In un mondo ecclesiale spesso afflitto da insicurezze e complessi d’inferiorità culturale, Marcianò ha scelto la via più difficile: quella della fedeltà. Invocare la povertà, non significa demolire le cattedrali, svuotarle, anche di significato e arrivare a situazioni drammatiche come in Francia, dove 350 chiese sono state incendiate. Se non siamo noi cristiani ad avere cura delle chiese, come potrebbero rispettarle gli altri.
Una Chiesa che torna a dire “no”
Leone XIV e figure come Marcianò stanno dimostrando che una Chiesa che non sa dire “no” non serve più a nessuno. Se tutto è accoglienza, invadendo, distruggendo un luogo di culto per molti anni, dove nemmeno si celebra come nella chiesa dove è parroco Biancalani è un'offesa alla fede. Se ogni peccato diventa esperienza, se ogni errore è solo “diversità”, allora il Vangelo che senso ha? Il compito di un pastore non è quello di rendere felici le coscienze, ma di svegliarle, scuoterle, convertirle. Dovrebbe esserci meno spazio per falsi profeti o pretuncoli che hanno preso i voti con i bollini del supermercato.
Tradizione o tradimento?
La posta in gioco non è estetica, non è ideologia. È spirituale. La domanda che Leone XIV ha posto — non a parole ma coi fatti — è questa: vogliamo ancora essere cattolici, o vogliamo solo piacere al mondo?
Marcianò, senza proclami, ha già risposto. La sua vita, la sua liturgia, la sua parola sono un rifiuto della pastorale debole, fluttuante, priva di colonna vertebrale. E oggi, finalmente, quella sua coerenza lo rende un faro in un tempo ecclesiale ancora troppo indeciso. Sí lo sappiamo, cercheranno di distoglierlo dalla comunità locale, sussurrandoli nell'orecchio che bisogna occuparsi dell'Africa e solo dell'Africa. Speriamo che egli invece ci guardi non solo come cartonati o figurine scialbe, ma come esseri umani, poiché esistiamo anche noi!
Conclusione: fine del buonismo clericale?
Forse la stagione dell’ambiguità è finita. Forse potremo smettere di confondere i poveri con gli spacciatori, gli aggressori e gli assassini. Forse potremo smettere anche di confondere il disagio sociale, con volontà di depredarci, strumentalizzando una cittadinanza.

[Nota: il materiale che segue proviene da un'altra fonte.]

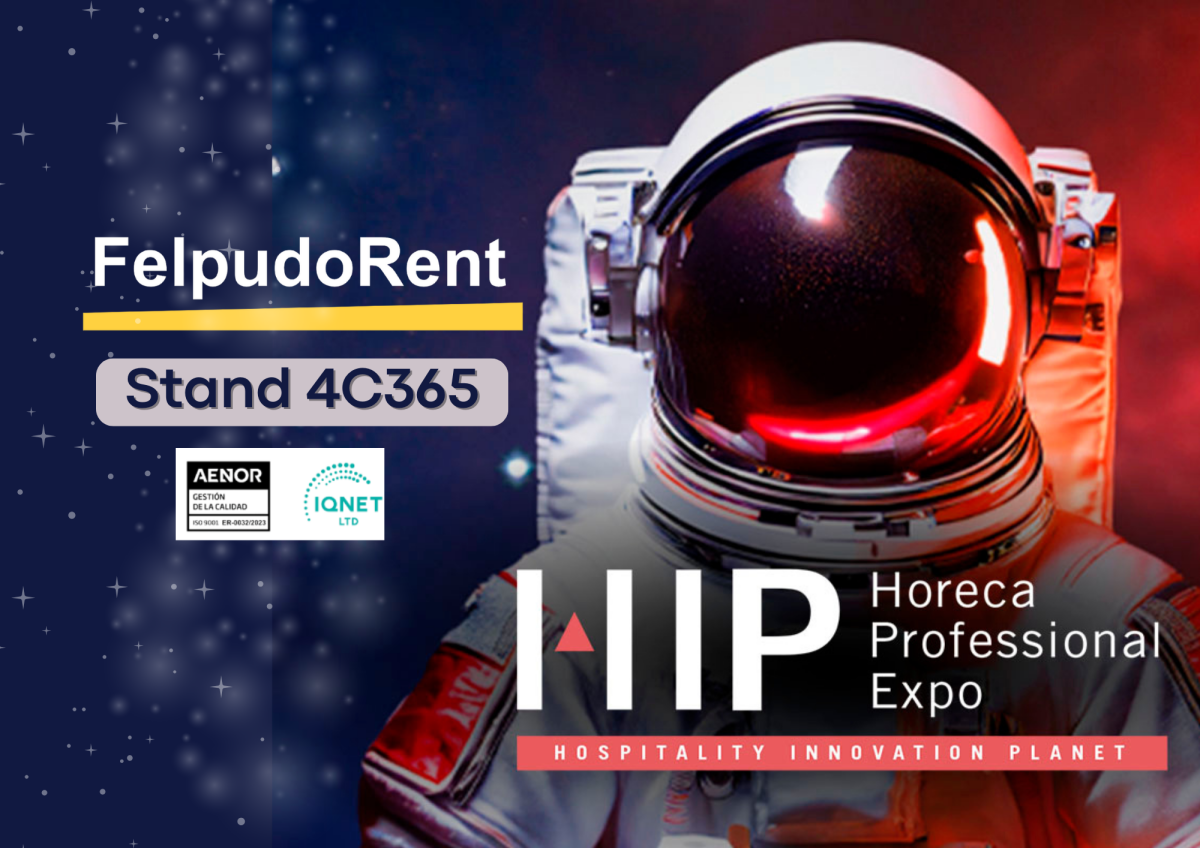 FelpudoRent participará en HIP 2025, el evento clave para el sector Horeca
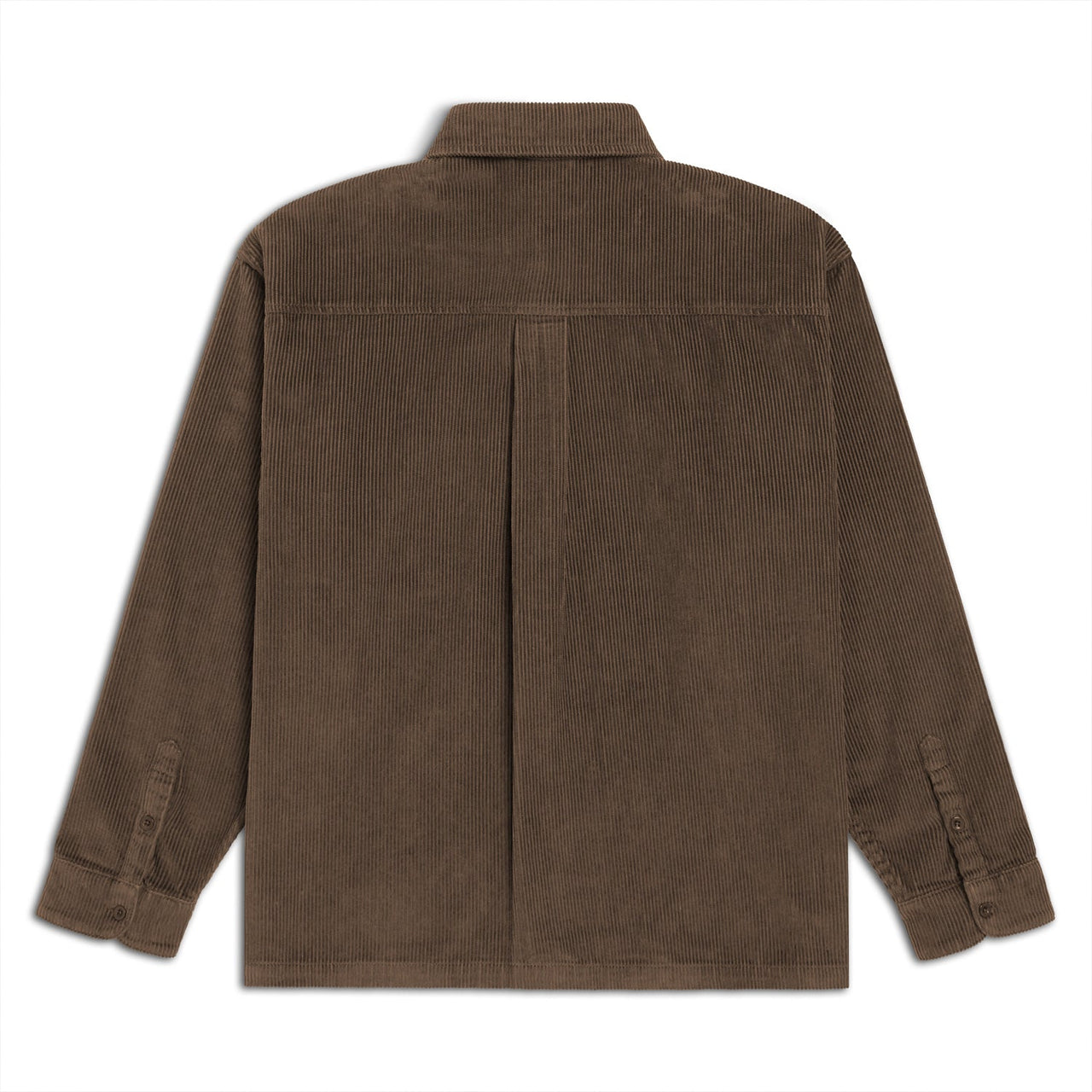 CCS Box Corduroy Shirt - Brown image 3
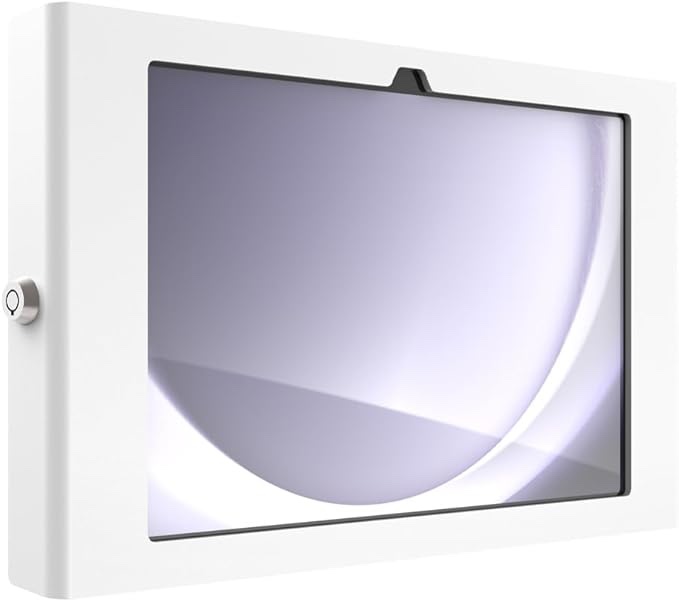 ((set of 4))compulocks space galaxy tab a8 10.5-inch secured display enclosure - mounting component (enclosure) - for tablet - locka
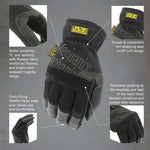 Mechanix Wear FastFit gloves elastic cuff detail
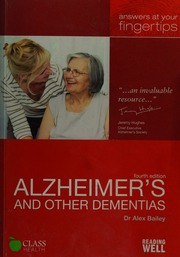 Alzheimers And Other Dementias Bailey Alex Consultant Psychiatrist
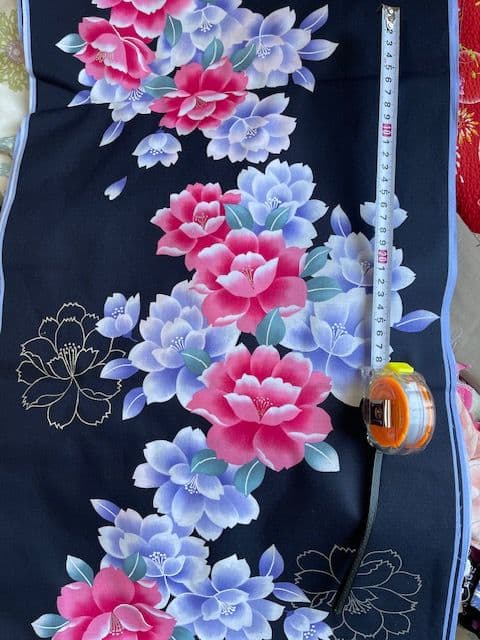 dogwear オーダー浴衣生地①　ハンドメイド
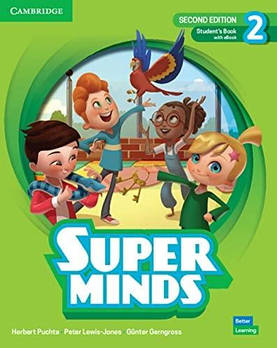 Super Minds 2nd Edition 2 Student's Book with eBook (Підручник з посиланням на электрону версію)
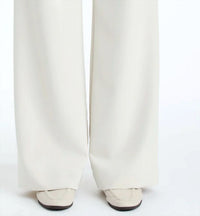 DREW Breigh Pants in stone - women's pants - detail view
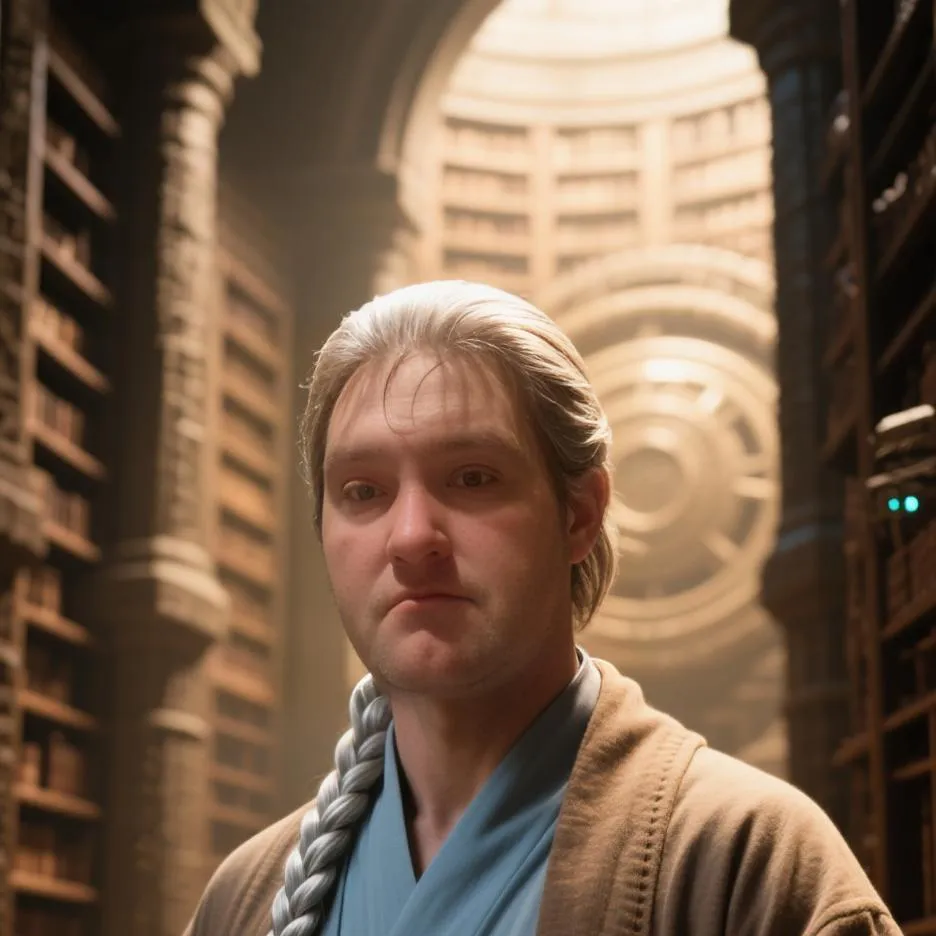 chat with ai character: Jedi night Matthew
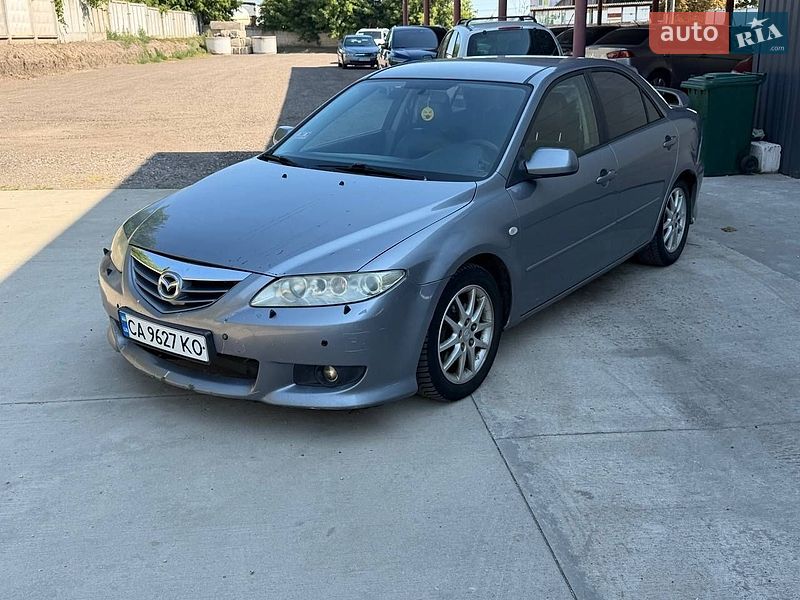 Mazda 6 2003 Mazda 6 2003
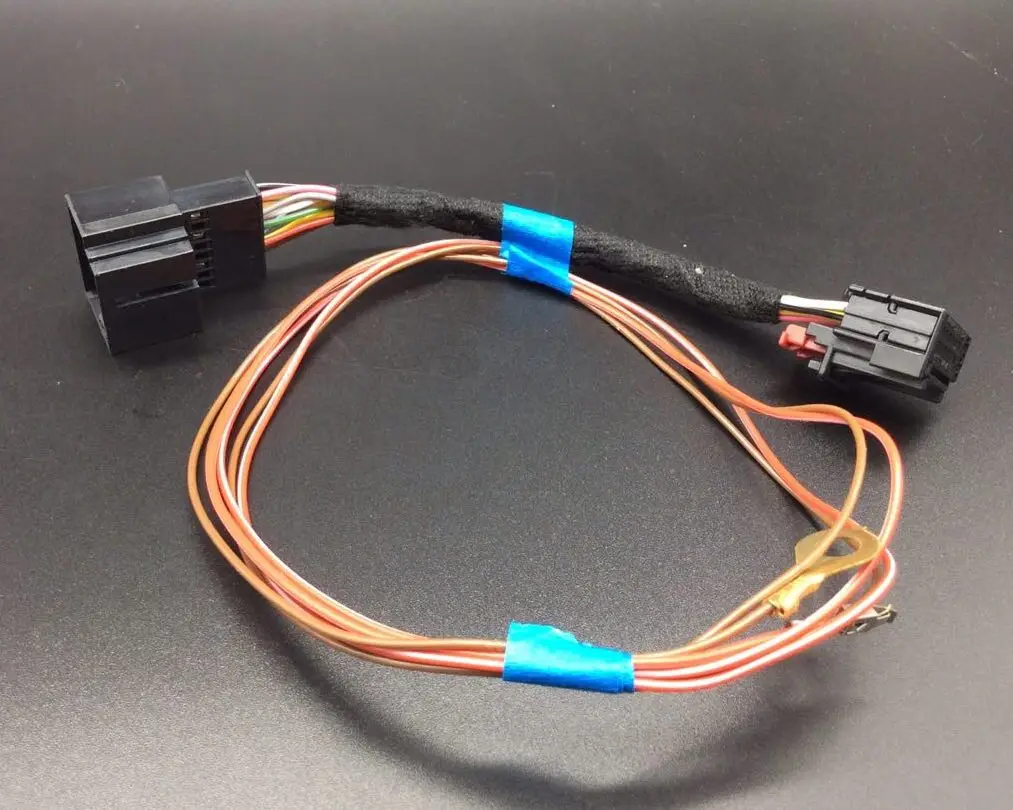 

for Volkswagen Tiguan L Magotan B8 Touran Multi-function heating paddle steering wheel electric heating harness cable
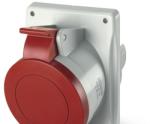 SCAME Priza Ingropata 3p+n+e, 32a, 6h, Ip44, 280-415 V- Scame (413.3267)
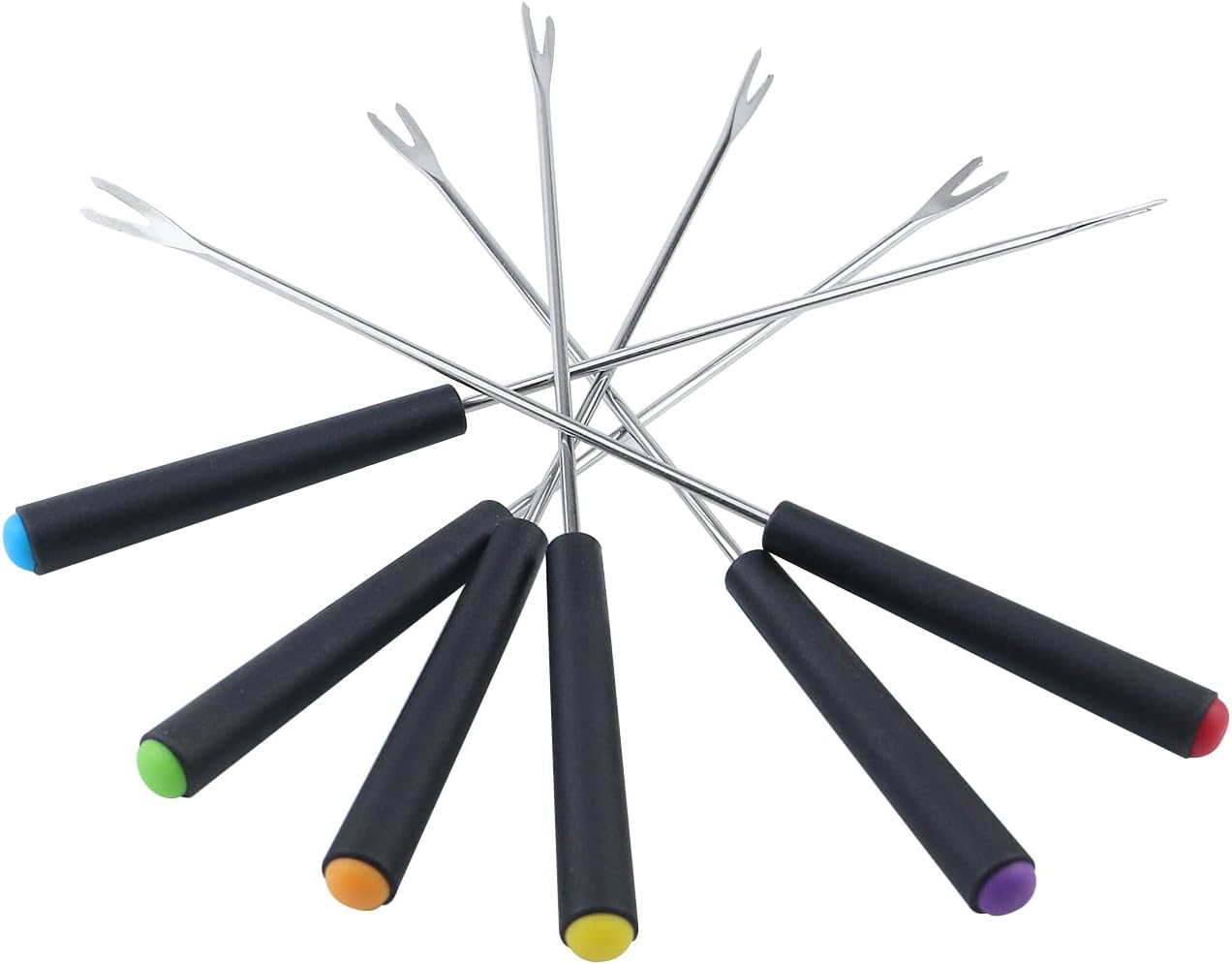 Crabby Fondue Forks
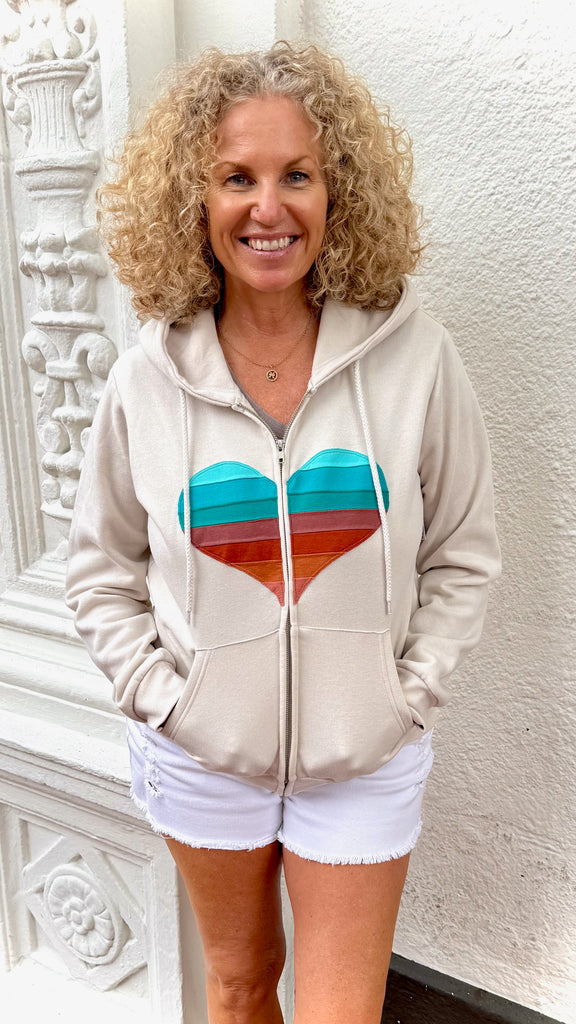 Heart Hoodie - Relaxed Fit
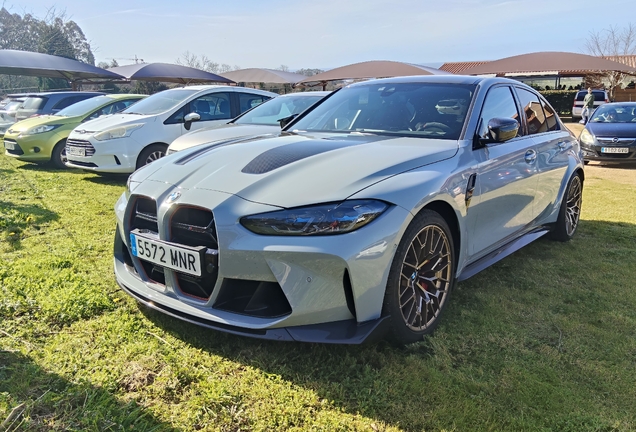 BMW M3 G80 CS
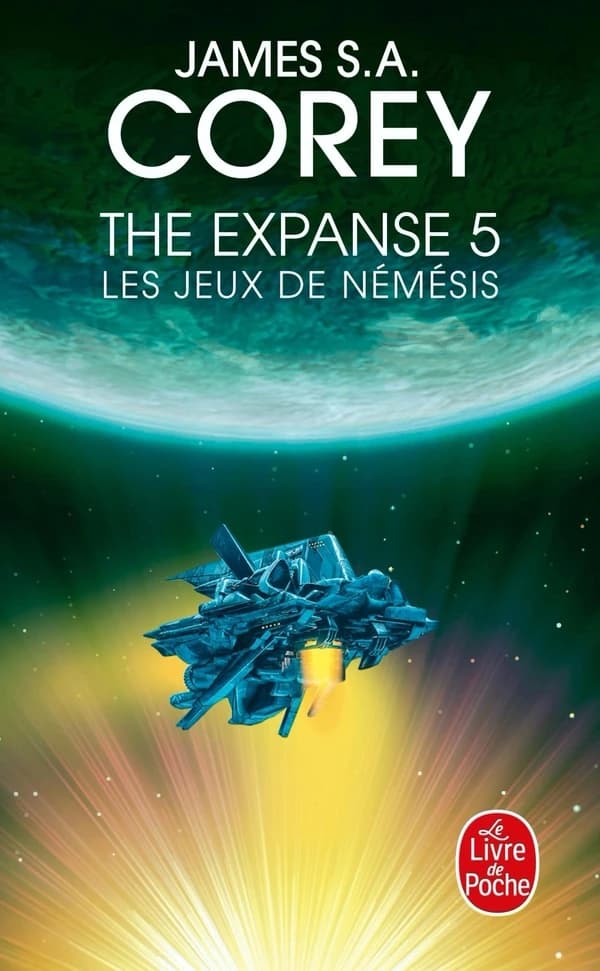 Les jeux de Némésis : roman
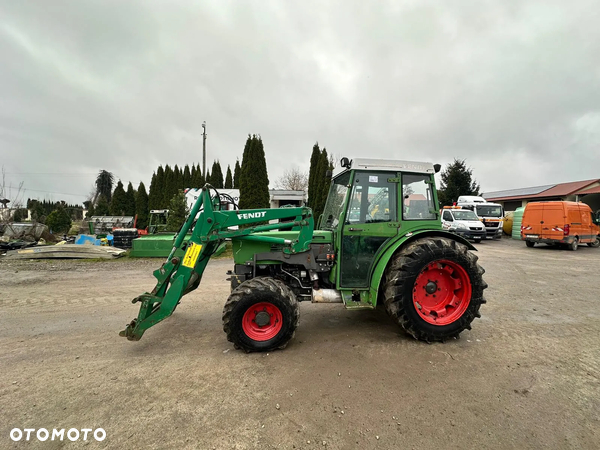 Fendt 260 + ładowacz czołowy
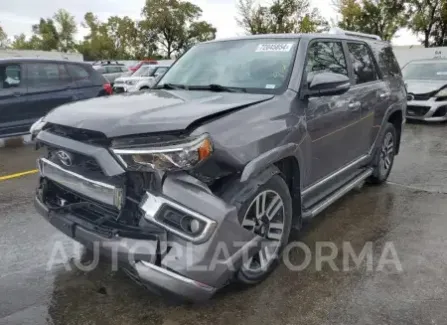 Toyota 4 Runner 2016 2016 vin JTEBU5JR4G5344558 from auto auction Copart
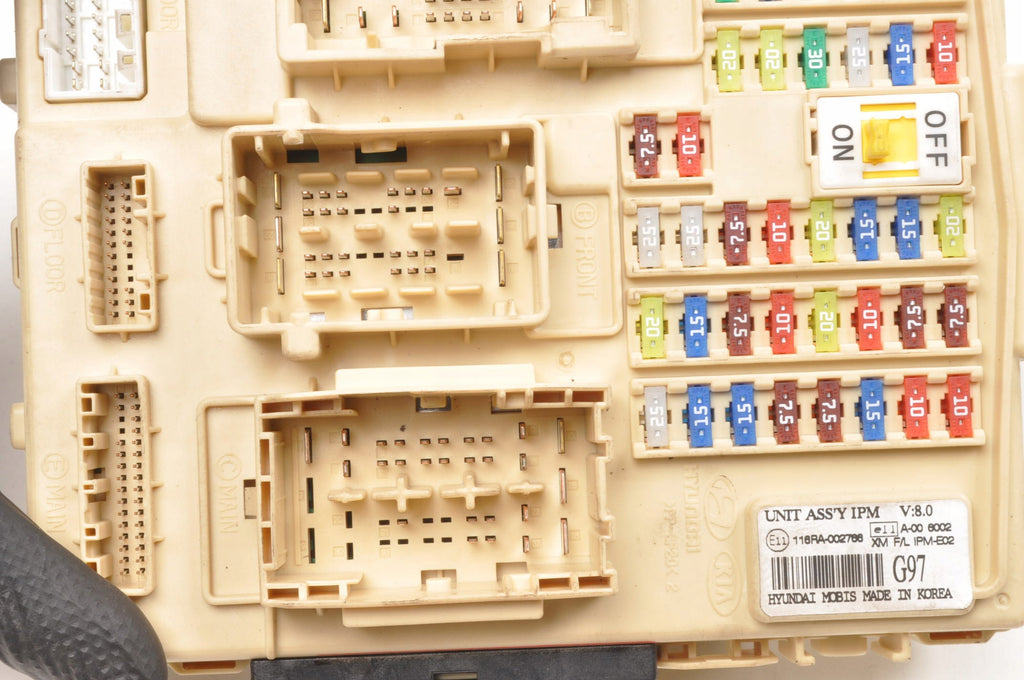KIA SORENTO II FUSE BOX 954002P977 LIFT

E Forse si apre una nuova epoca in cui la fedeltà non sarà più vista come rigidità, ma come carità autentica. In questa prospettiva, l’azione pastorale di Marcianò non è solo apprezzabile: è profetica. E Leone XIV, con i suoi primi gesti, sembra dire: è tempo che i pastori smettano di inseguire il mondo e ricomincino a guidarlo.